For the weights update:

\[\begin{split}\partial_{A^{(k)}_{i,j}}\mathcal L(X) &= \sum_{\alpha,\beta = (1,1)}^{(\ell, n^{(k)})}\varepsilon^{(k)}_{\alpha,\beta}\partial_{A^{(k)}_{i,j}}X^{(k)}_{\alpha,\beta} = \sum_{\alpha,\beta = (1,1)}^{(\ell, n^{(k)})}\varepsilon^{(k)}_{\alpha,\beta}\sum_{\gamma=1}^{n^{(k-1)}}X_{\alpha,\gamma}\partial_{A^{(k)}_{i,j}}A^{(k)}_{\gamma,\beta} \\ &= \sum_{\alpha,\beta = (1,1)}^{(\ell, n^{(k)})}\varepsilon^{(k)}_{\alpha,\beta}X_{\alpha,i}\delta_\beta^j = \sum_{\alpha=1}^\ell\varepsilon^{(k)}_{\alpha,j}X_{\alpha,i} = \Big(X'\varepsilon^{(k)}\Big)_{i,j}.\end{split}\]

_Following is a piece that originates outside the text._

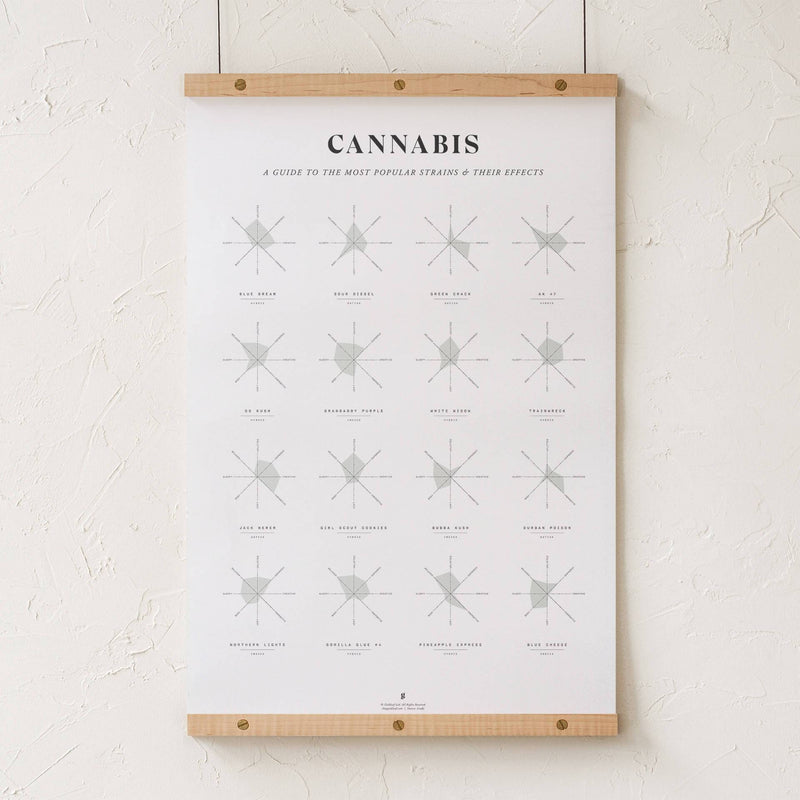 GoldLeaf Cannabis Effects Wheel Chart Print Best Sales Price - Art Prints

Therefore \(\nabla_{A^{(k)}}\mathcal L = X'\varepsilon\).

\[\partial_{b^{(k)}_i}\mathcal L = \sum_{\alpha,\beta = (1,1)}^{(\ell, n^{(k)})}\varepsilon^{(k)}_{\alpha,\beta}\partial_{b^{(k)}_i}b^{(k)}_\beta = \sum_{\alpha=1}^\ell\varepsilon^{(k)}_{\alpha,i}.\]

For the signal propagation:

\[\begin{split}\partial_{X^{(k-1)}_{i,j}}\mathcal L &= \sum_{\alpha,\beta = (1,1)}^{(\ell, n^{(k)})}\varepsilon^{(k)}_{\alpha,\beta}\partial_{X^{(k-1)}_{i,j}}X^{(k)}_{\alpha,\beta} = \sum_{\alpha,\beta = (1,1)}^{(\ell,n^{(k)})}\varepsilon^{(k)}_{\alpha,\beta}\sum_{\gamma=1}^{n^{(k-1)}}\delta_i^\alpha\delta_j^\gamma \\ &= \sum_{\beta=1}^{n^{(k)}}\varepsilon^{(k)}_{i,\beta}A^{(k)}_{\beta,j} = \Big(\varepsilon^{(k)}{A^{(k)}}'\Big)_{i,j}.\end{split}\]

Therefore \(\nabla_{X^{(k-1)}}\mathcal L = \varepsilon^{(k)}{A^{(k)}}'\).